La Turquie dans une position diplomatique délicate entre la Russie et l’Ukraine
La guerre déclarée à l’Ukraine par le président russe ce jeudi 24 février au matin place la Turquie dans une situation de « grand écart », se positionnant entre deux pays avec lesquels elle partage une frontière maritime dans la mer Noire.
Ce jeudi 24 février, lors d’un conseil de défense, le président turc a qualifié « d’inacceptables » les offensives menées par la Russie en Ukraine. Il a demandé à la Russie de mettre fin à son intervention injuste et illégale, mais sans pour autant évoquer de sanctions contre cette dernière.
Alors qu’il s’était entretenu avec Vladimir Poutine au téléphone le mercredi 23 février, le président turc avait indiqué que la Turquie ne reconnaîtrait aucune mesure affectant l’intégrité territoriale de l’Ukraine. Il avait alors insisté sur le nécessité de régler le conflit par « la voie du dialogue », souhaitant que son pays « apaise les tensions pour préserver la paix ». Il avait également invité son homologue russe dans les plus brefs délais pour un « Conseil de coopération de haut niveau ».
Le mardi 22 février, Recep Tayyip Erdogan, le président turc, avait déclaré « inacceptable » la reconnaissance des régions séparatistes de l’Ukraine par la Russie. Mais en parallèle, il avait aussi indiqué que « la Turquie ne peut renoncer ni à la Russie ni à l’Ukraine ».
Suite au début des offensives aérienne et terrestre lancées par les Russes, jeudi dans la matinée, l’ambassadeur ukrainien à Ankara a demandé à la Turquie de fermer les détroits du Bosphore et des Dardanelles aux navires de guerre russes.
Ainsi, selon la convention, si la Turquie devait prendre parti pour l’Ukraine, elle pourrait bloquer l’accès de ses détroits aux navires russes. Pour l’heure, la Turquie n’a pas réagi à cette requête ukrainienne.
La convention de Montreux (1936), qui régit les voies navigables turques entre la mer Égée et la mer Noire (détroits du Bosphore et des Dardanelles), réglemente la circulation à travers les détroits en temps de paix et de guerre. En temps de guerre, la libre circulation reste assurée pour les pays avec lesquels la Turquie n’est pas en guerre. Mais la libre circulation peut être suspendue si la Turquie est partie à un conflit, ou si elle s’estime menacée.
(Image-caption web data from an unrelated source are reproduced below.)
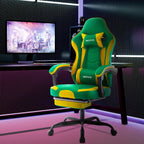 Silla Gaming, Silla para Ordenador, Silla Gaming Ergonómica con Pedales para Pies, Silla de Oficina, Silla Ergonómica para Ordenador con Soporte Lumbar, Silla Gaming de Altura Ajustable, Disponible en Negro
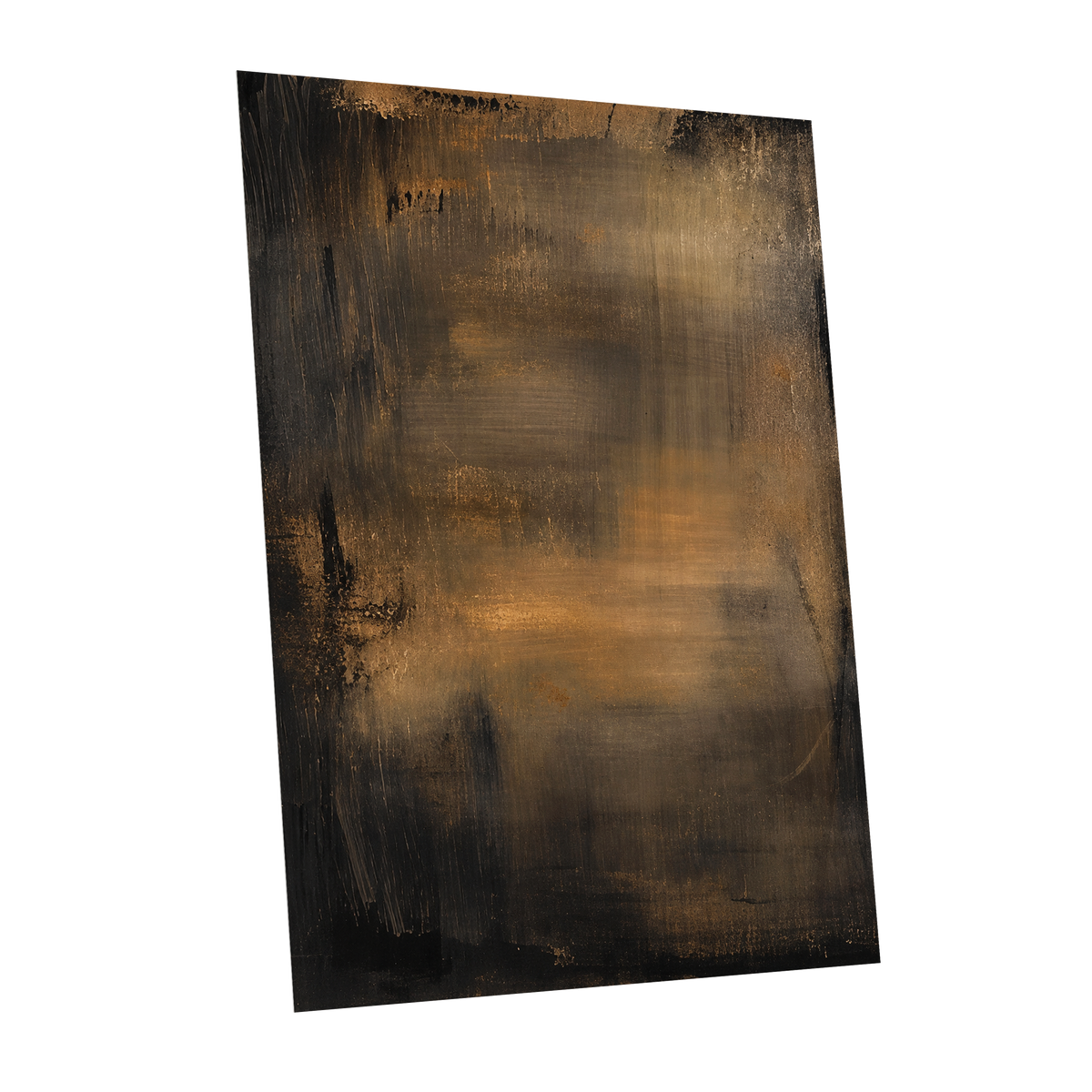 Burnished Dusk, gold, brown, black abstract wall art shown as a unframed poster wall art print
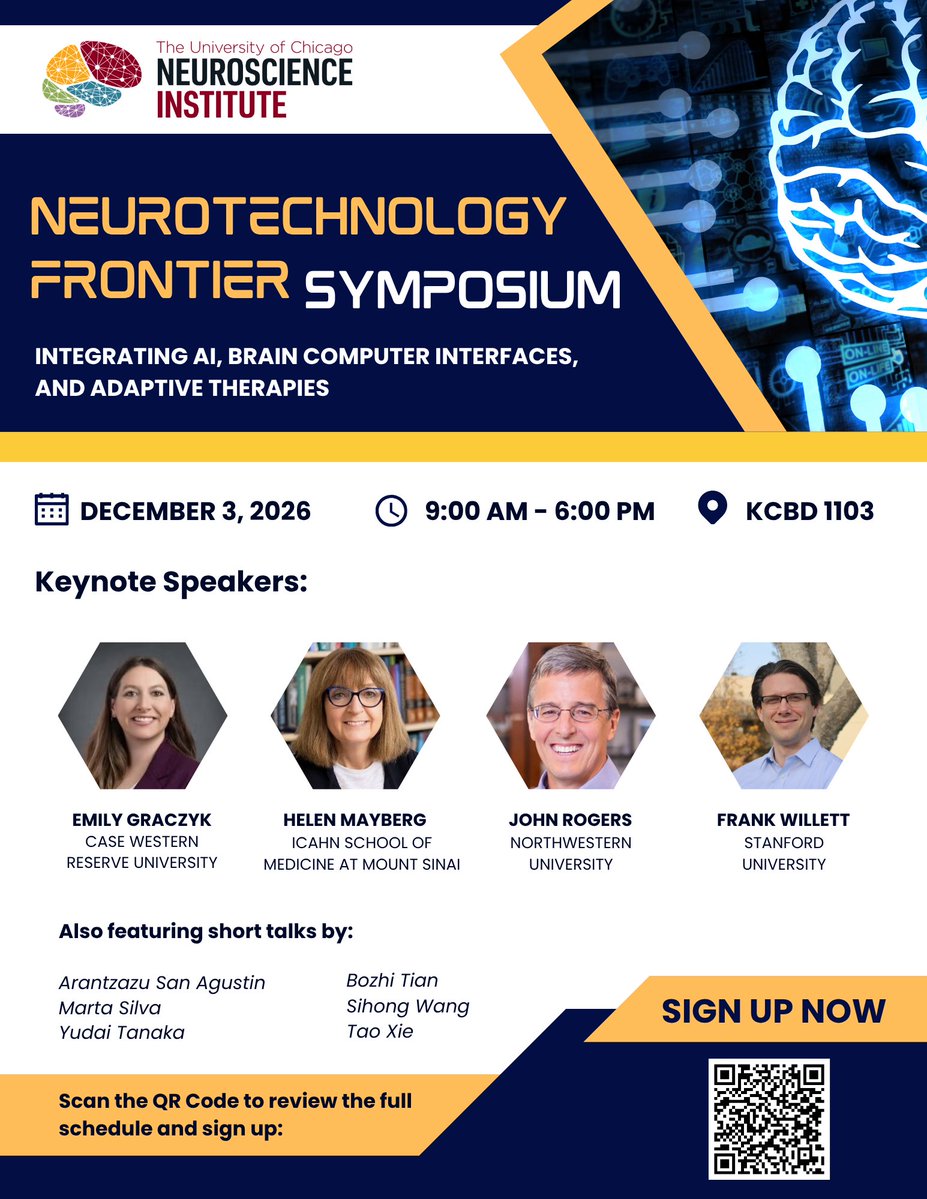 plopesresearch's tweet photo. Join us Dec. 3 for the Neurotechnology Frontier Symposium at UChicago: AI, brain-computer interfaces, and adaptive therapies. Keynotes from @emily_graczyk, @HelenMaybergMD , @ProfJohnARogers , and @WillettNeuro !
9am–6pm, KCBD 1103
https://t.co/xidgG9xSL6 #BCI #neuroscience #HCI https://t.co/DJBjVivldf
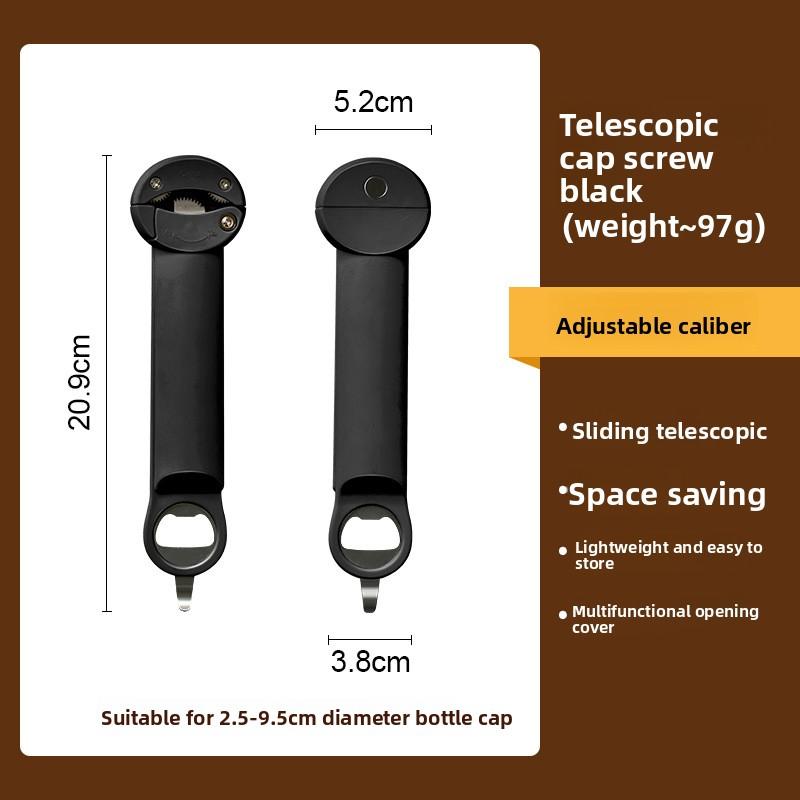 

Многофункциональный консервный нож из нержавеющей стали, открывалка для бутылок с магнитным улавливателем крышек, инструмент для снятия крышек с легким захватом--- чёрный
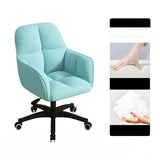 Multi-Color Swivel Curved Leather Fixed Arms Office Chair Image - 18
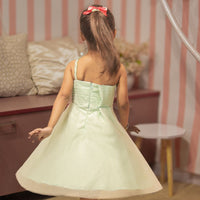 GREEN FLOWER PATCH EMBROIDERED FROCK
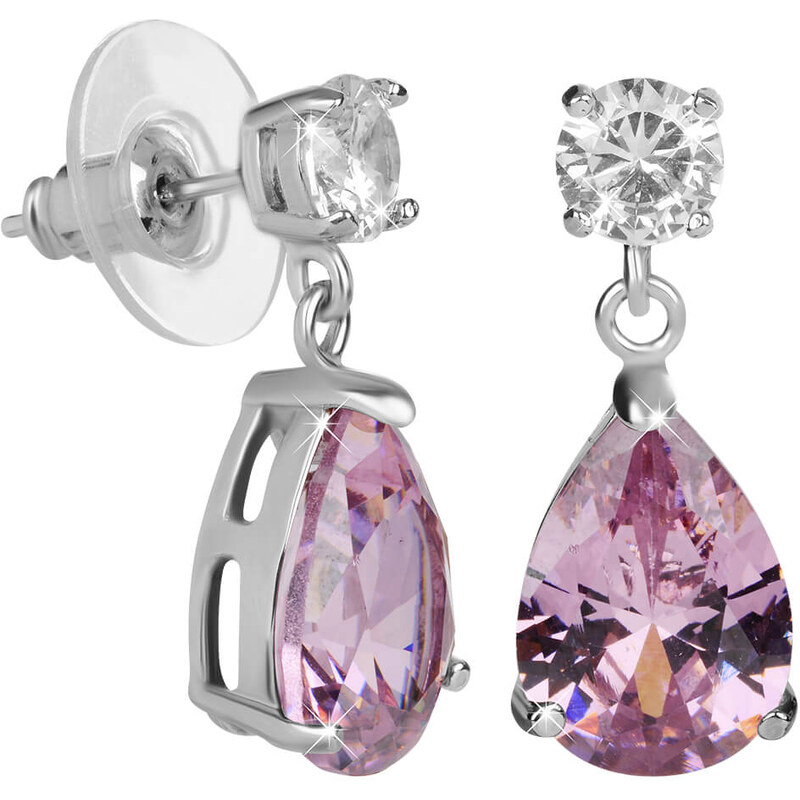 Troli Iskrivé náušnice s ružovými kryštálmi 66586818
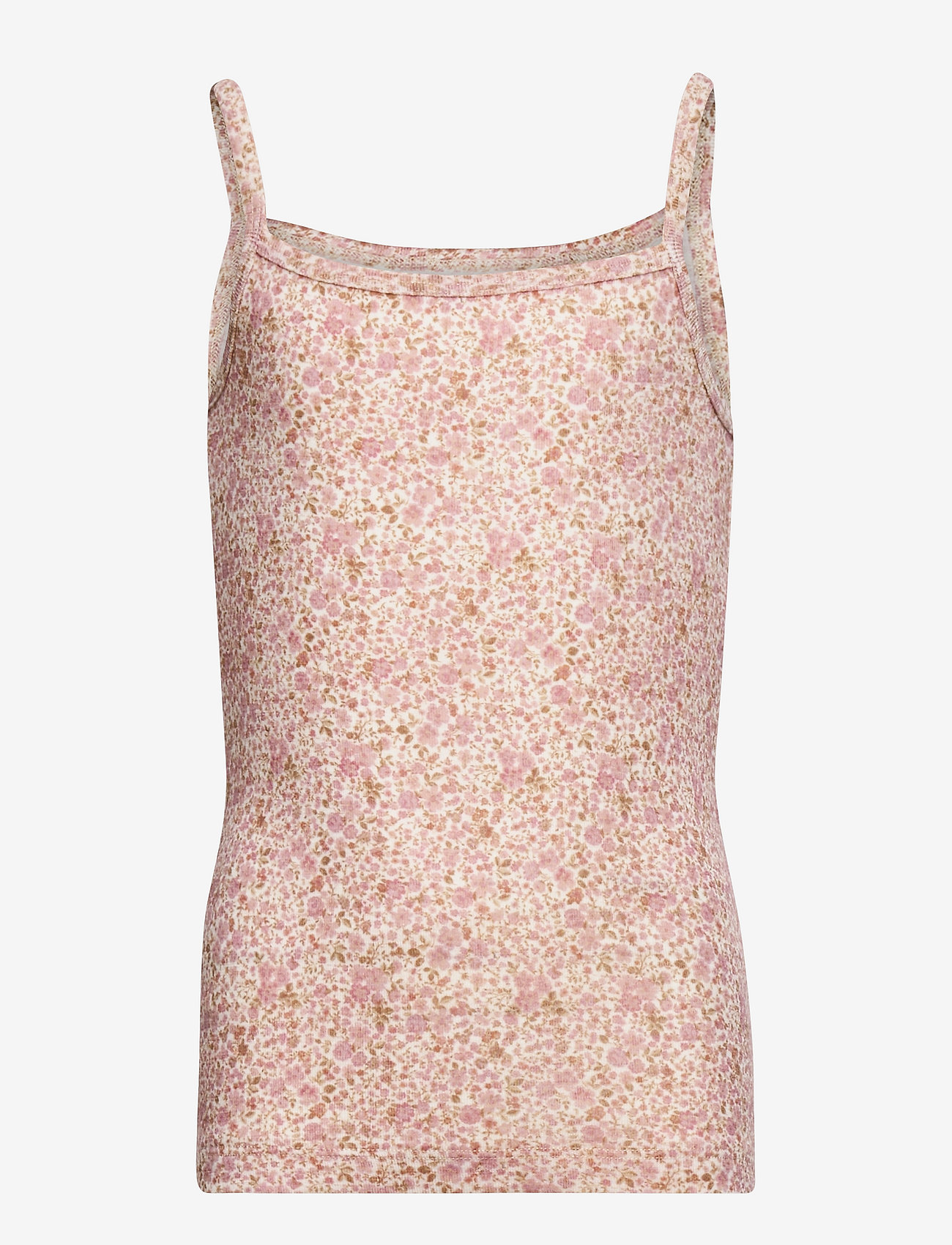 Wheat - Girls Wool Singlet - ivory flowers - 0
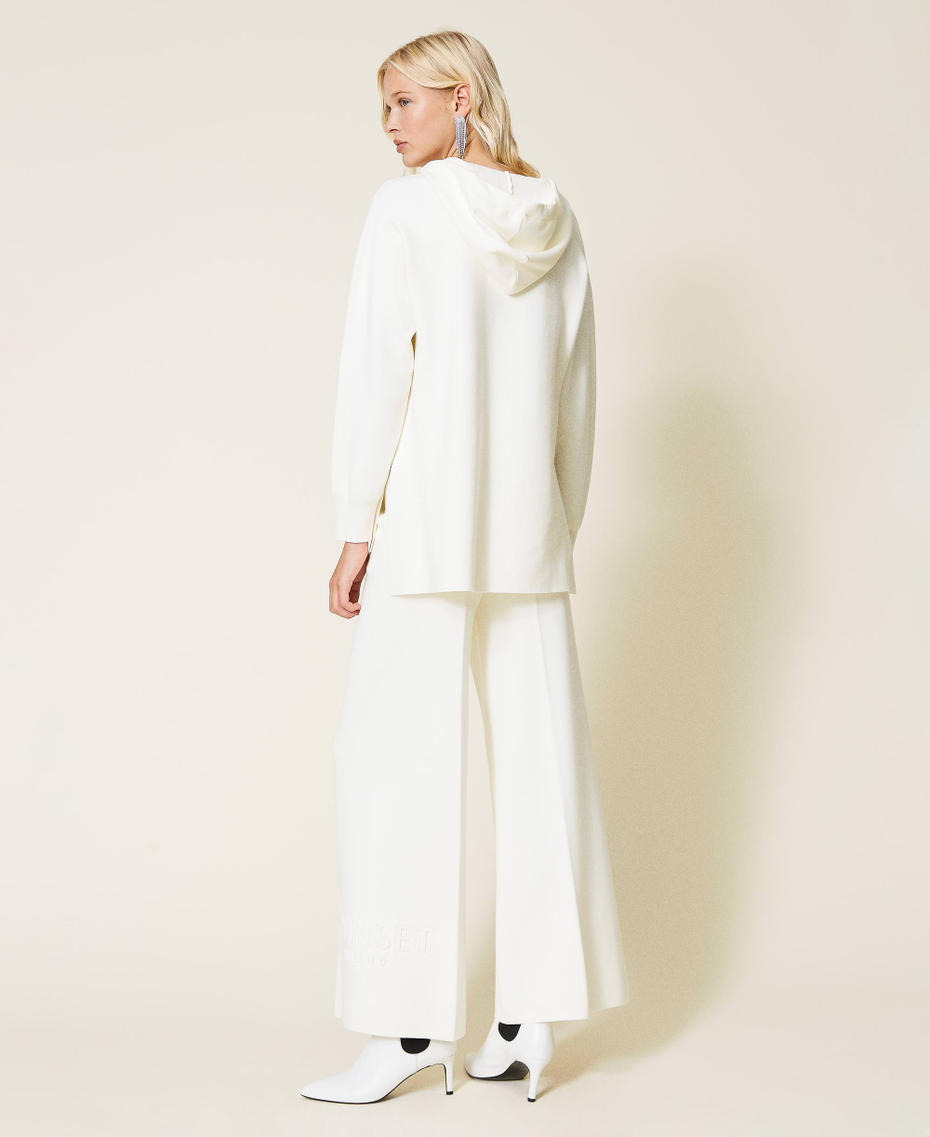 Felpa in maglia con cappuccio Bianco Neve Donna 212TP3244-04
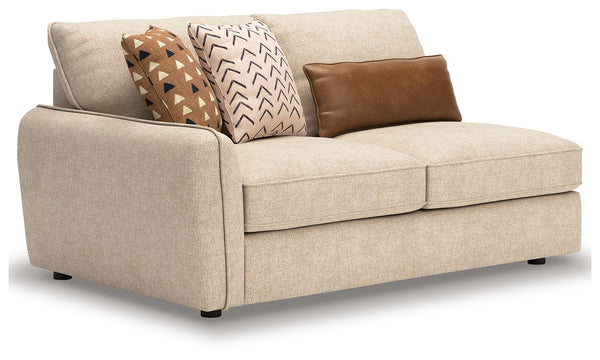 This left-arm facing sofa is made with polyester upholstery. Pairs with other items in the series to make a sectional.<br><br><b>Additional Dimensions</b><br><ul><li>Minimum width of doorway for delivery: 32-"</li></ul><br/><br/><b>Product Features</b><ul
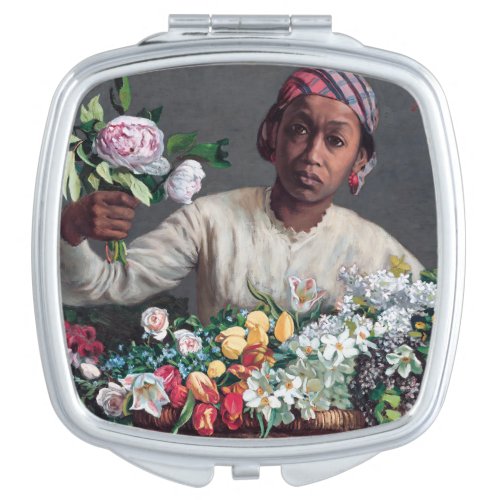 Frederic Bazille _ Young Woman with Peonies Compact Mirror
Le chef de l’opposition, Kemal Kiliçdaroglu, a appelé le gouvernement à respecter les termes de cette convention : “La convention de Montreux est un texte très important pour la sécurité de la Turquie, nous devons nous y conformer. Si nous ne le faisons pas, la facture sera très lourde”, a-t-il prévenu, rapporte Cumhuriyet.
Ce sont surtout les éventuelles conséquences économiques d’un conflit en Ukraine qui alarment la presse turque, alors que le pays traverse déjà une crise économique aiguë marquée par une chute de la monnaie nationale ayant provoqué une très forte inflation.
La Turquie est, par ailleurs, très dépendante des importations de gaz de Russie et d’Iran et des céréales russes, mais aussi des touristes russes et ukrainiens.
Si la Turquie et la Russie ont entretenu de bonnes relations pendant des années, celles-ci s’étaient ternies en 2015, alors qu’un avion russe avait été abattu par deux chasseurs turcs à la frontière turco-syrienne.
Par ailleurs, Ankara a toujours refusé de reconnaître l’annexion de la Crimée par la Russie (2014).
Si en 2019, la Turquie se dotait de missiles russes S-400 contre l’avis de l’OTAN dont elle est membre, la même année, elle avait également livré des drones à l’Ukraine, en conflit avec les séparatistes du Donbass soutenus par Moscou.
S’il condamne la position russe, le président Erdogan connaît aussi les risques auxquels son pays s’expose en cas de rupture totale avec le pays de Poutine ; la Turquie est dépendante des importations de gaz de Russie, mais aussi d’échanges économiques importants : les touristes russes occupaient en effet la première place en nombre de visiteurs en 2021, avec plus de 4,5 millions de voyageurs, principalement dans la région d’Antalya. Et les Ukrainiens étaient, eux, la 3ème nationalité après les Allemands à venir faire du tourisme en Turquie en 2021, avec un peu plus de 2 millions de visiteurs.